Discrepancy or disparity is not simply a question of the imposition of different sentences for the same offence. Rather, it is a question of due proportion between those sentences, that being a matter to be determined having regard to the different circumstances of the co-offenders in question and their different degrees of criminality."
[22] That the parity principle does not require precisely the same sentence for each offender was confirmed recently in Green v The Queen; Quinn v The Queen[4] where French CJ, Crennan and Kiefel JJ held:
"The sense of grievance necessary to attract appellate intervention with respect to disparate sentences is to be assessed by objective criteria. The application of the parity principle does not involve a judgment about the feelings of the person complaining of disparity. The court will refuse to intervene where disparity is justified by differences between co-offenders such as age, background, criminal history, general character and the part each has played in the relevant criminal conduct or enterprise."

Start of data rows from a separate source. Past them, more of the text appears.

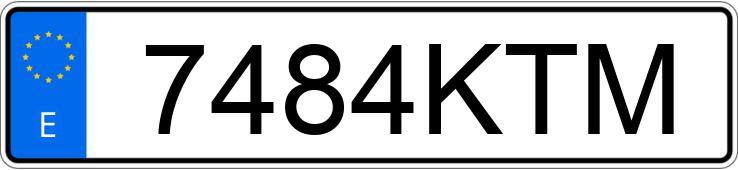 Numer rejestracyjny 7484KTM posiada PEUGEOT 308 Numer rejestracyjny 7484KTM posiada PEUGEOT 308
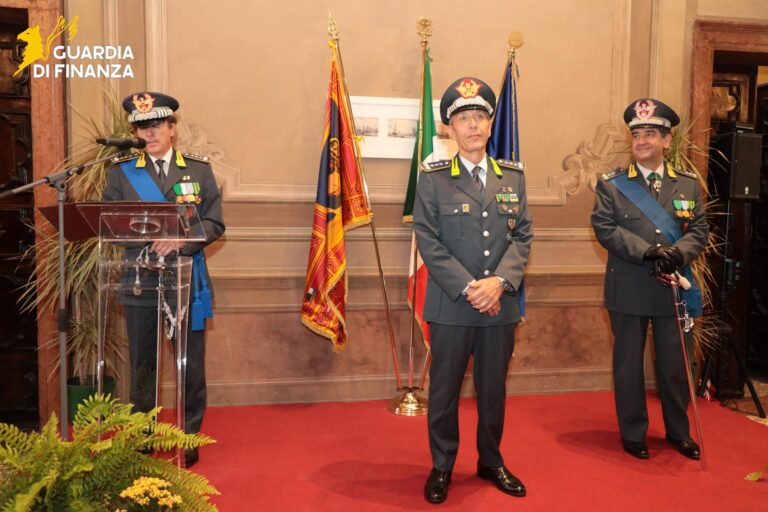 Venezia, il generale Zelano al comando delle Fiamme Gialle del Veneto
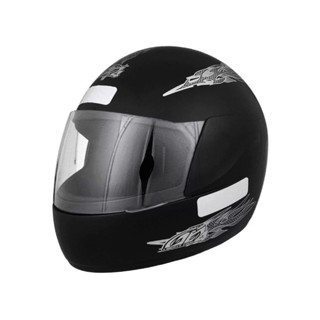 Capacete Fechado ProTork Preto Fosco Tamanho 56 Viseira Cristal Casco Em ABS Natural Forro Em Nylon Pluma Antialérgico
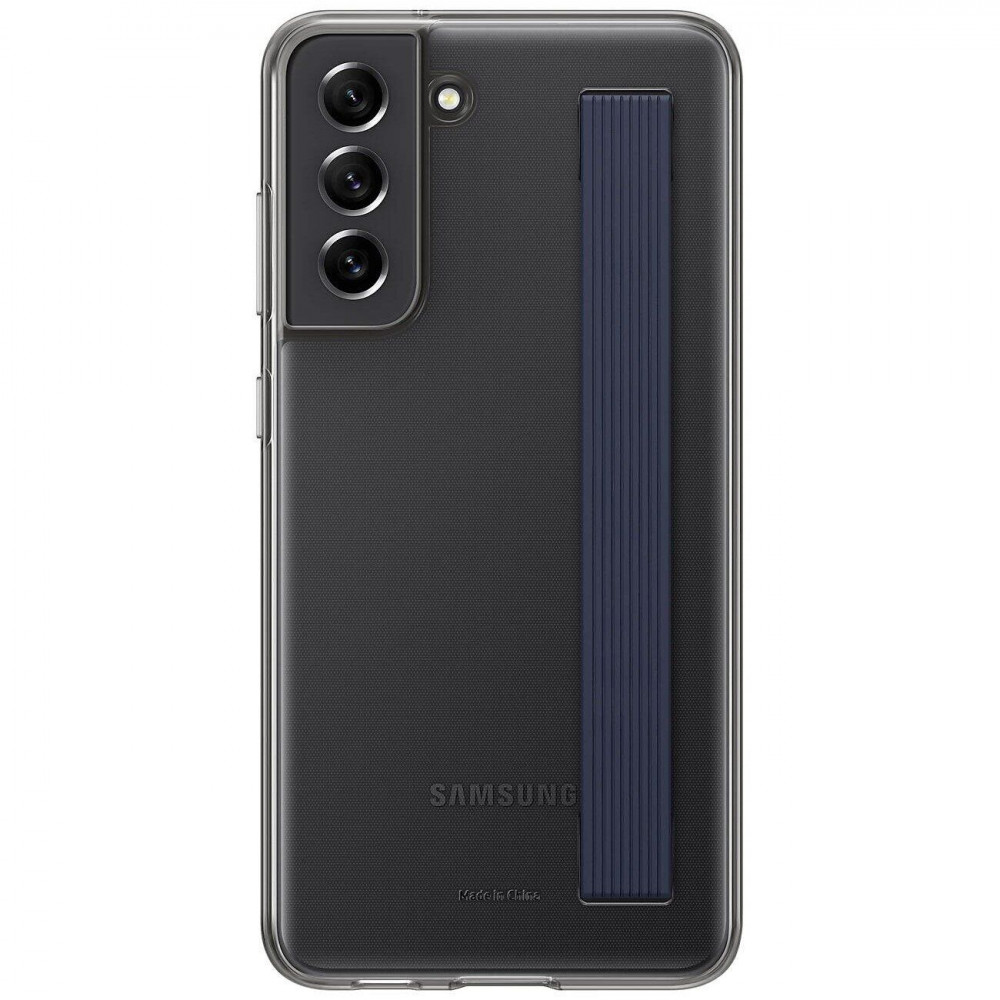 Чохол-накладка Samsung Clear Strap Cover для Samsung Galaxy S21 FE SM-G990 Dark Gray (EF-XG990CBEGRU)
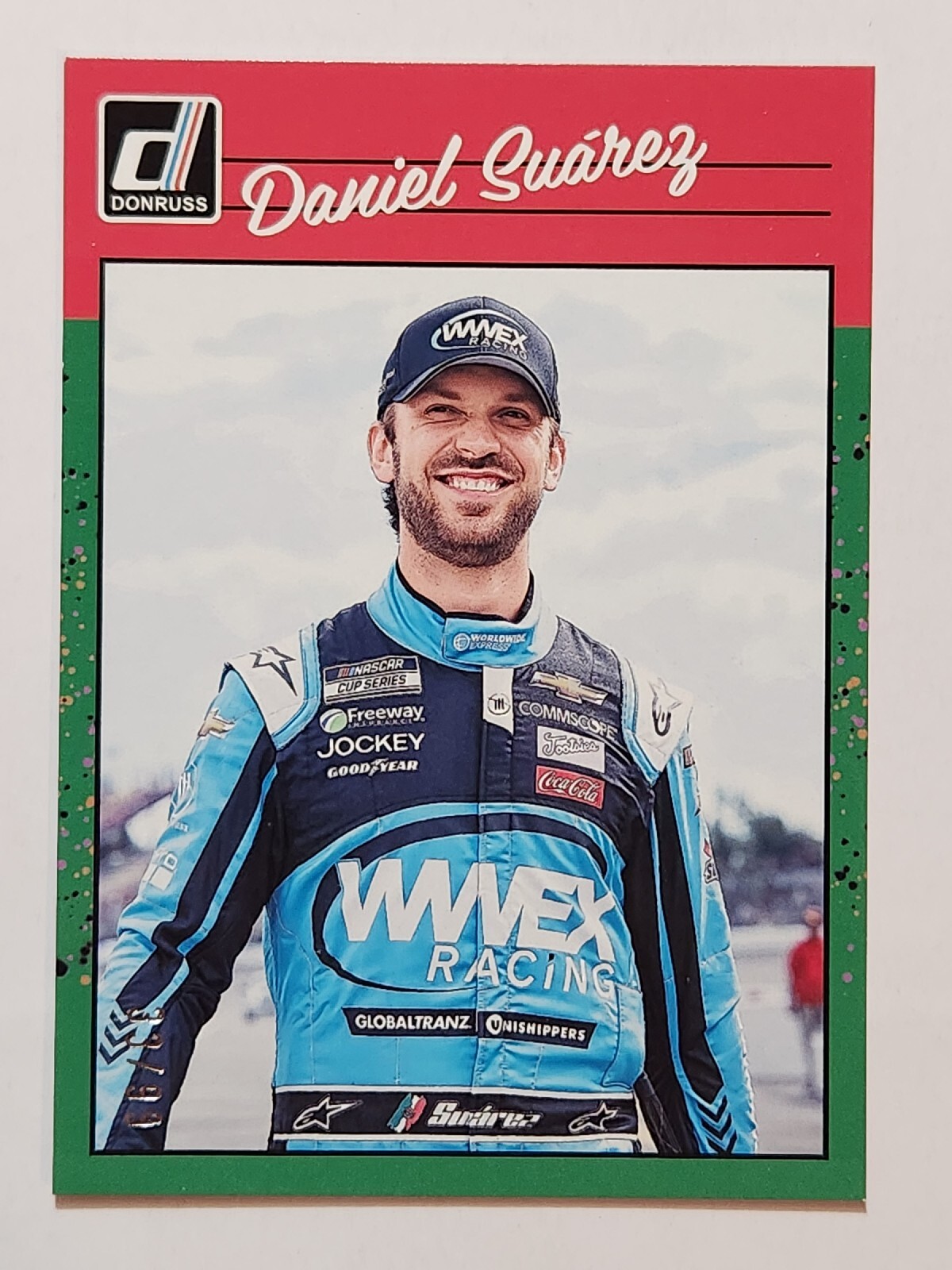 2023 Donruss NASCAR Racing Retro #137 Daniel Suarez Green Parallel #33/99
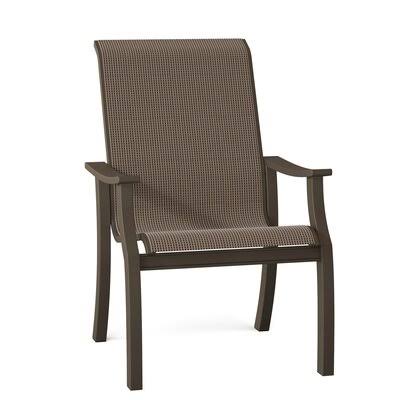 Textured Beachwood Patio Dining Armchair S6917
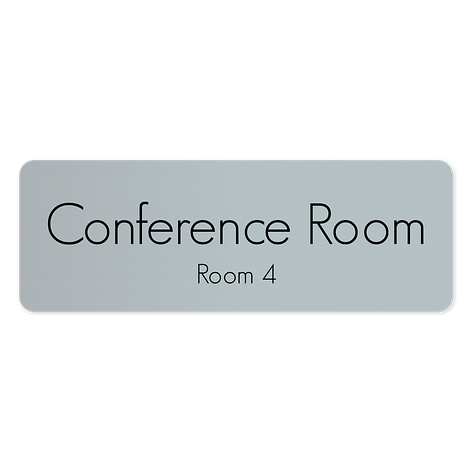 Conference room sign - Personalised - Black/silver - Plastic - Signomatic.co.uk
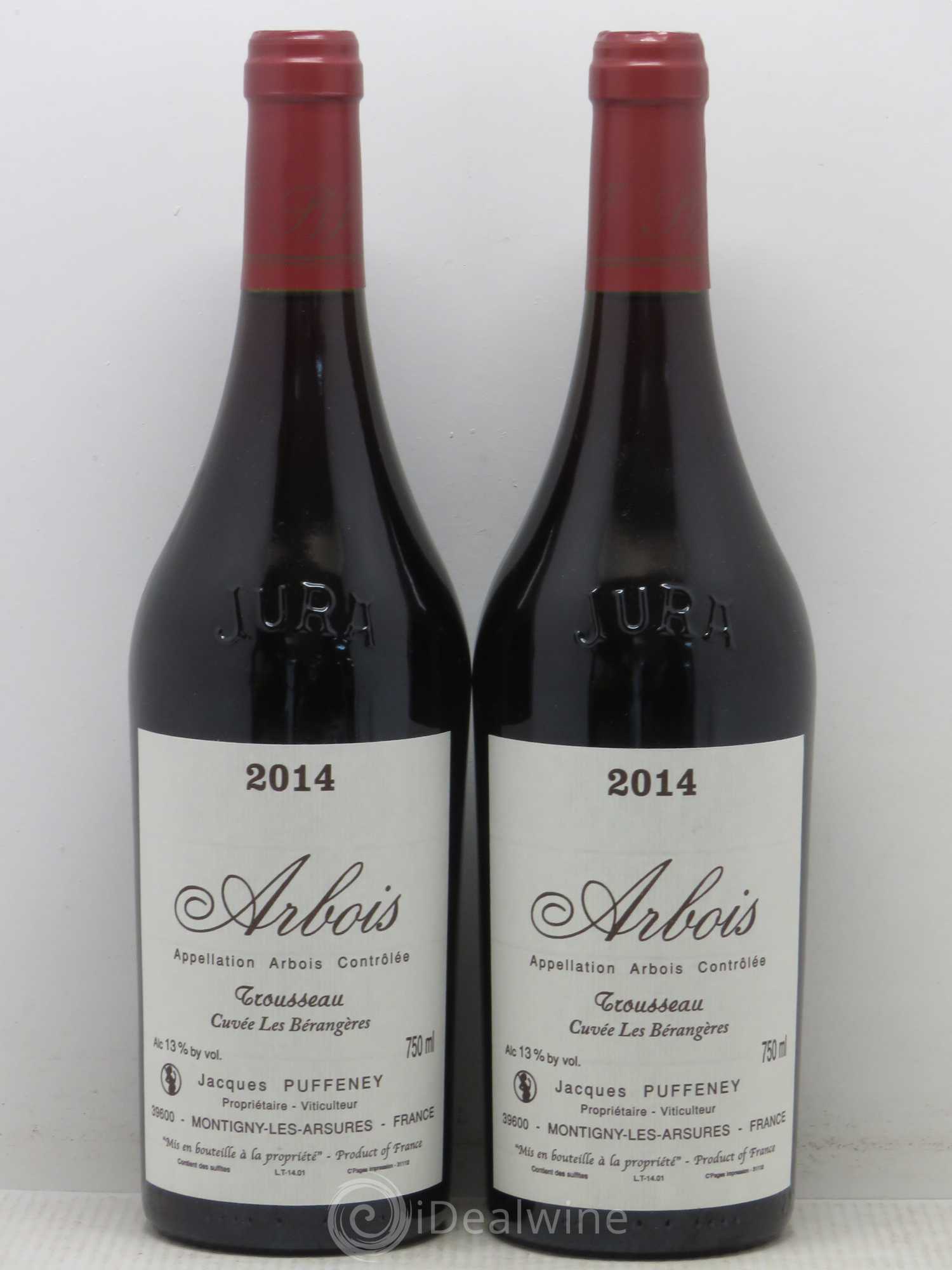 Arbois Trousseau Puffeney 2014 - Posten von 2 Flaschen - 0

[23] The learned sentencing judge referred to the differences between the applicant and Enniss which justified the disparity in their sentences. Enniss was only 20 years old, 10 years younger than the applicant. He was only sentenced for the offending on 22 November 2012 and not in respect of the other offences committed by the applicant of fraud and attempted fraud on 20 September 2012 and possession of drugs, possession of drug utensils and use of a controlled drug on 3 January 2013.
[24] Enniss' criminal history was much more limited than the applicant's extensive criminal history. While he had prior dishonesty and breach offences, Enniss had no prior convictions for violence and had only been sentenced to imprisonment once before, a four month suspended sentence, which he had been required to serve.
[25] In addition the respondent's counsel pointed in her submissions to further factors which justified the difference in the sentences imposed. Unlike the applicant, Enniss was not in breach of a suspended sentence or on bail when he committed the robbery. He pleaded guilty at a very early stage before the applicant's matters had proceeded through a committal hearing. He cooperated with the police by making admissions as to his involvement and was remorseful for his actions. The explanation for his becoming involved in drugs and thus committing robbery was the death of his child during labour whilst he was in custody.
[26] All of those factors justify the differences in the sentences imposed upon the applicant and his co-offender Enniss and could not therefore objectively give rise to a justifiable sense of grievance.
[27] Accordingly the application for leave to appeal against sentence should be refused.
[28] JACKSON J: I agree with the reasons for judgment of Atkinson J and the order proposed by her Honour.